Azhar Jaya menekankan bahwa model rujukan yang lama, yaitu dari RS kelas D ke C, lalu ke B, dan berakhir di A, akan digantikan dengan sistem rujukan berbasis kompetensi. “Ke depan, kami juga akan memperbaiki terkait dengan rujukan. Kalau saat ini adalah rujukannya berjenjang, yaitu dari rumah sakit kelas D, kemudian kelas C, kemudian kelas B, sampai kelas A, maka ke depan kami akan melakukan perubahan perbaikan rujukan, menjadi rujukan **berbasis kompetensi**,” ujar Azhar dalam rapat kerja dengan Komisi IX DPR.

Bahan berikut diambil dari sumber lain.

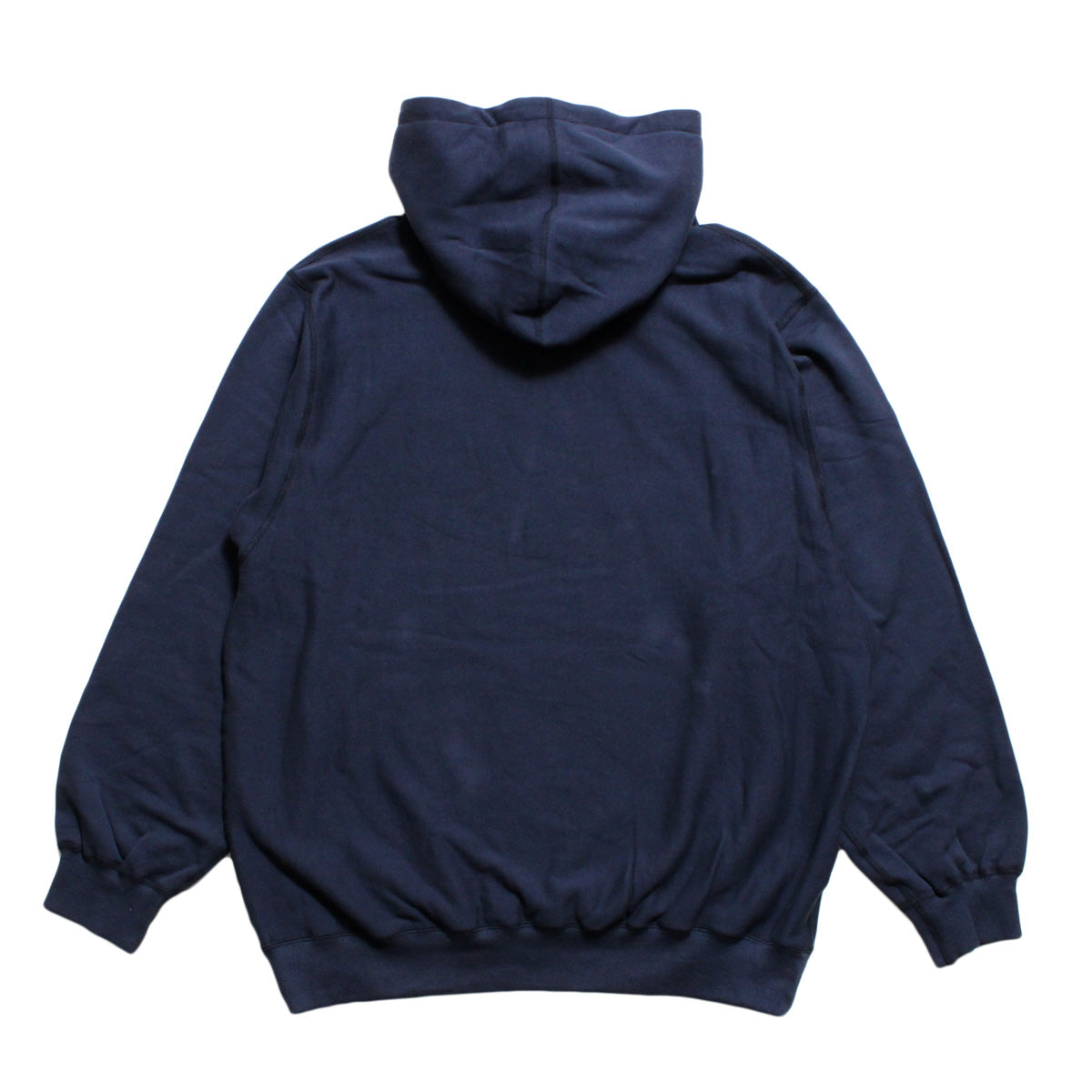 MOONEY LOGO PULLOVER HOODIE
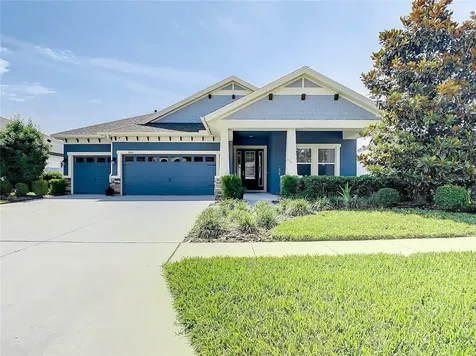 8104 Water Color Drive Land O Lakes FL 34638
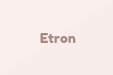 Etron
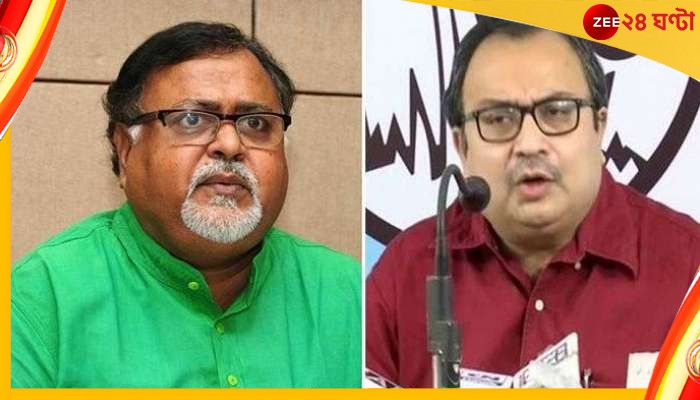 Kunal Ghosh, Partha Chattejee: ইএসআই জোকায় পার্থকে জুতো! নিন্দায় সরব তৃণমূল মুখপাত্র কুণাল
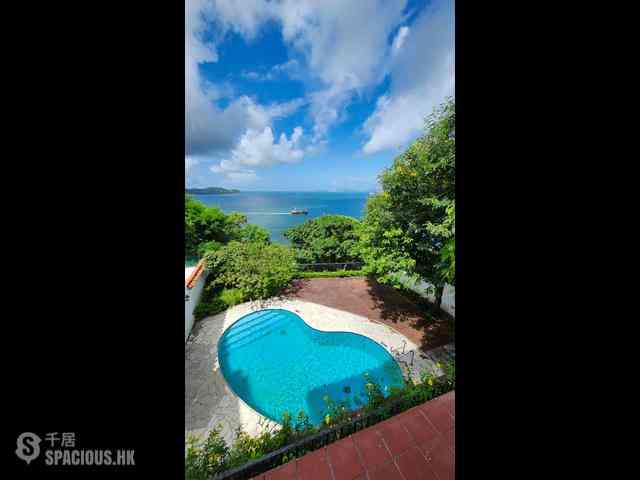 Pok Fu Lam - Magnolia Villas 12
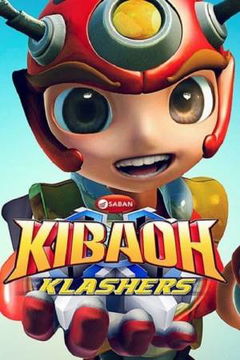 Kibaoh Klashers (2017&#8209;&nbsp;)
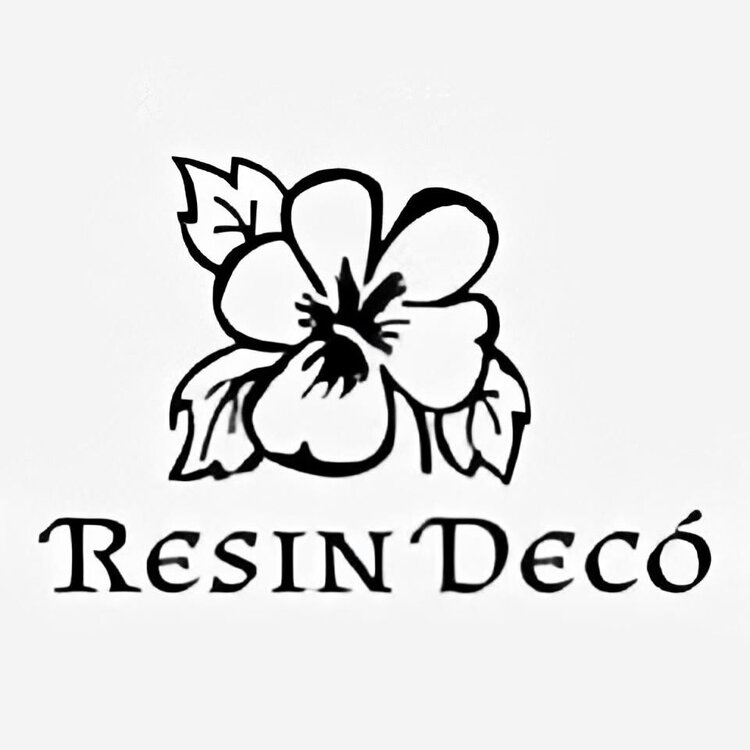 Resin Decó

### 📉 Kerugian Sistem Rujukan Lama
Sistem rujukan berjenjang yang diterapkan selama ini menuai banyak kritik karena menimbulkan berbagai dampak negatif yang merugikan pasien dan sistem secara keseluruhan. Salah satu masalah utama adalah **perjalanan pasien yang tidak singkat** untuk mengakses layanan spesialis yang hanya tersedia di rumah sakit tipe tertinggi, seperti RS Paripurna. Meskipun pasien memiliki kebutuhan medis mendesak yang memerlukan tindakan segera di faskes paripurna, mereka tetap terpaksa mengikuti tahapan berlapis tersebut.

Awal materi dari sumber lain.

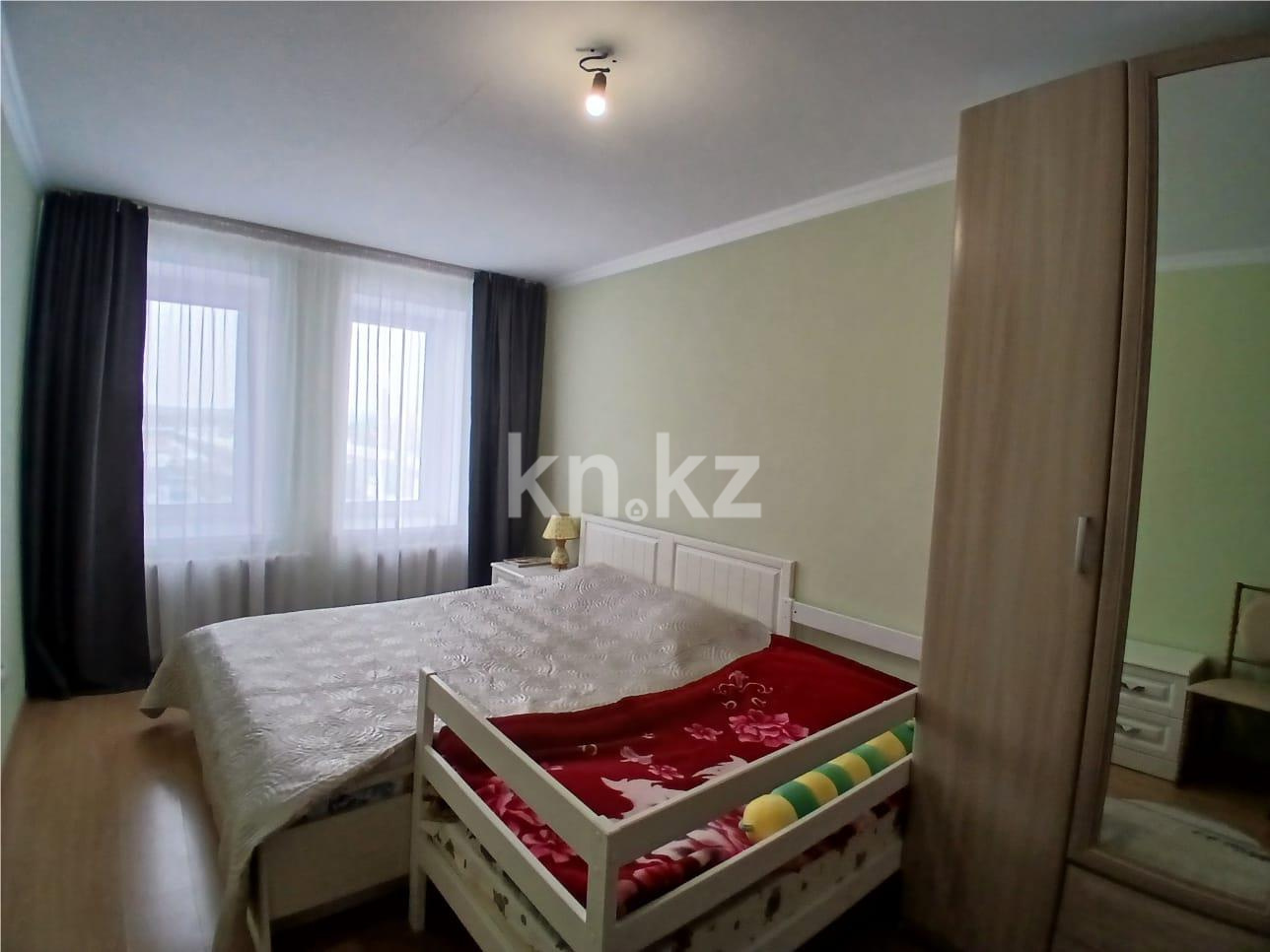 Продажа 2-комнатной квартиры, 56 м² в Астане - фото 6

Konsekuensi dari alur yang panjang dan berbelit ini mencakup:
1. **Timbulnya Biaya Berulang:** Pasien dan BPJS Kesehatan harus menanggung biaya administrasi dan pemeriksaan di setiap faskes yang dilewati, bahkan jika faskes tersebut tidak memiliki kompetensi untuk menangani kasus tersebut secara tuntas.
2. **Kehilangan Waktu Penanganan Kritis:** Proses perpindahan dari satu fasilitas ke fasilitas lain secara berjenjang sering kali mengakibatkan **keterlambatan fatal**, terutama bagi pasien dengan kondisi gawat darurat. Pasien berisiko kehilangan waktu berharga akibat berputar-putar di fasilitas yang ternyata tidak memadai untuk kondisinya. Azhar Jaya secara implisit menyinggung kekhawatiran ini, sejalan dengan Menteri Kesehatan sebelumnya yang cemas pasien bisa **’keburu wafat’** sebelum mendapat penanganan yang tepat.

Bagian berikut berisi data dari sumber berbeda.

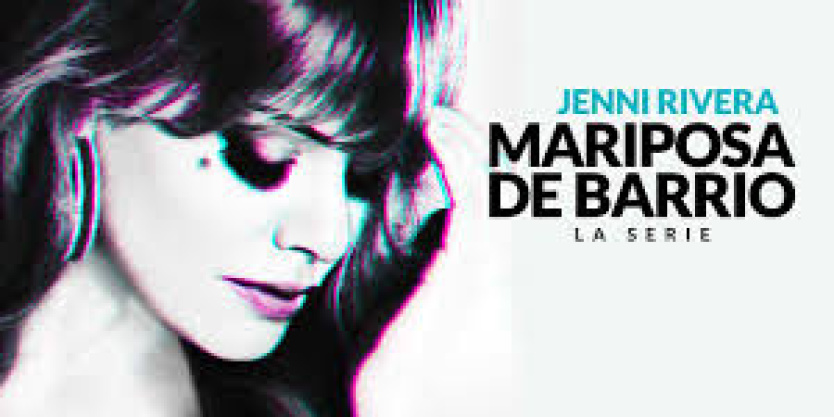 Mariposa De Barrio (Netflix)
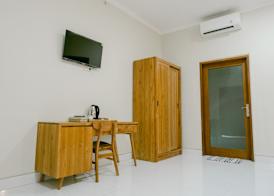 Sriwedari House Keramas 2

### 🎯 Desain Baru dan Prinsip Kompetensi
Dalam desain reformasi yang baru, **klasifikasi rumah sakit berdasarkan tipe (D hingga A) akan dihapuskan** dan diganti dengan pengelompokan berdasarkan kompetensi dan kapasitas medis yang dimiliki. Kemenkes mengusulkan empat kategori kompetensi baru, yaitu:
1. **Layanan Dasar:** Setara dengan peran yang saat ini dijalankan oleh Puskesmas atau FKTP.
2. **Rumah Sakit Madya**
3. **Rumah Sakit Utama**
4. **Rumah Sakit Paripurna**
Di bawah sistem ini, **dokter atau tenaga medis** di FKTP akan menjadi penentu utama dalam memutuskan rujukan, yang didasarkan pada **indikasi medis** atau **tingkat keparahan penyakit** pasien, alih-alih pada level administratif rumah sakit. Azhar Jaya menegaskan bahwa rujukan akan didasarkan pada kriteria yang sesuai dengan ketentuan peraturan perundang-undangan dan kebutuhan medis yang nyata.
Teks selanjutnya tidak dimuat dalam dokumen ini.